These and other objects and features of the invention will be better understood by reference to the detailed description which follows taken together with the drawings in which like elements are referred to by like designations throughout the several views. It is to be understood that, in some instances, various details of the invention may be shown exaggerated or otherwise modified to facilitate an understanding of the invention. Moreover, some aspects of the invention considered to be conventional may not be shown so as to avoid obfuscating more important aspects or features of the invention.





BRIEF DESCRIPTION OF THE DRAWINGS


FIG. 1 is a block diagram illustrating the logical structure of a reconfigurable arithmetic unit constructed in accordance with the present invention;



FIGS. 2A and 2B are tables listing Galois field values for scaling of a thirty-two bit message portion by a fixed polynomial x32 mod G(x) and x64 mod G(x), respectively, for the standard Ethernet CRC polynomial G(x);



FIG. 3A is a block diagram illustrating a portion of a logic tree which may be utilized in the reconfigurable arithmetic unit of FIG. 1;



FIG. 3B is a block diagram of a reconfigurable logic tree which may perform the functions of the logic tree of FIG. 3A.
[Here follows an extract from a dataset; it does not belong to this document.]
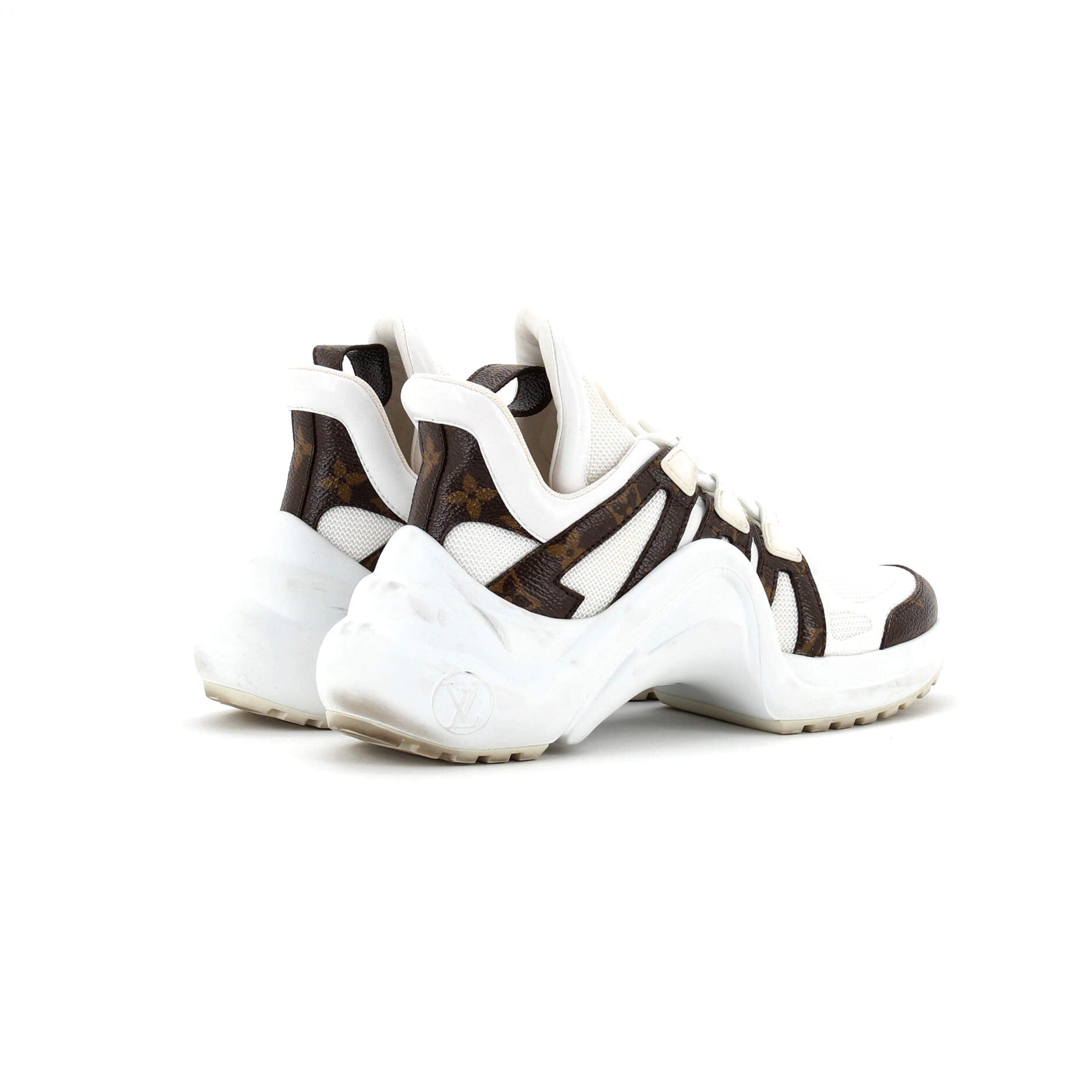 Women's LV Archlight Sneakers Mesh and Monogram Coated Canvas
FIG. 4 is a block diagram illustrating circuitry for utilizing a plurality of the reconfigurable arithmetic units of FIG. 1;



FIG. 5 illustrates another embodiment of a reconfigurable arithmetic unit constructed in accordance with the present invention;



FIG. 6 illustrates the use of a reconfigurable arithmetic unit to accomplish general Galois field multiplication;



FIGS. 7A, 7B, and 7C are block diagrams illustrating reconfigurable circuitry for providing either NXOR or AND operations for the logic tree of FIG. 3B;



FIGS. 8A and 8B are diagrams illustrating switchbox arrangements useful in the arrangement of FIG. 4;



FIGS. 9A, 9B, and 9C illustrate details of the arrangements of FIGS. 8A and 8B.



FIGS. 10A and 10B are block diagrams illustrating the use of the invention for rotating and shifting values, respectively;



FIGS. 11A and 11B are block diagrams illustrating the use of the invention as a lookup table in two embodiments;



FIG. 12 is a block diagram illustrating the use of the invention for providing content addressable memory;



FIG. 13 illustrates slices of a systolic array for the Berlekamp-Massey algorithm portion of a Reed-Solomon decoder;



FIGS. 14A, 14B, and 14C together form a block diagram illustrating an arrangement for performing a cyclical redundancy check for a message of a length greater than that handled by an individual reconfigurable arithmetic unit;



FIG. 15 is another embodiment of a switchbox arrangement useful in the arrangement of FIG. 4;



FIG. 16 illustrates how a section of a slice of the systolic array shown in FIG. 13 may be mapped onto the Galois field fabric of FIG. 4;



FIG. 17 illustrates one counter circuit useful in the compression tree of FIG. 18;



FIG. 18 is a block diagram of a compression tree utilized in the improved invention;



FIG. 19 illustrates another counter circuit useful in the compression tree of FIG. 18;



FIG. 20 illustrates another counter circuit useful in the compression tree of FIG. 18;



FIG. 21 illustrates another counter circuit useful in the compression tree of FIG. 18;



FIG. 22A illustrates a carry propagate adder which may be used with the compression tree of FIG. 18;



FIG. 22B illustrates a 4-to-2 compressor which may be added to the vertical switch box described in FIG. 27;



FIG. 23 illustrates a circuit which may be utilized for the counter circuits of the first and second levels of the compression tree of FIG. 18.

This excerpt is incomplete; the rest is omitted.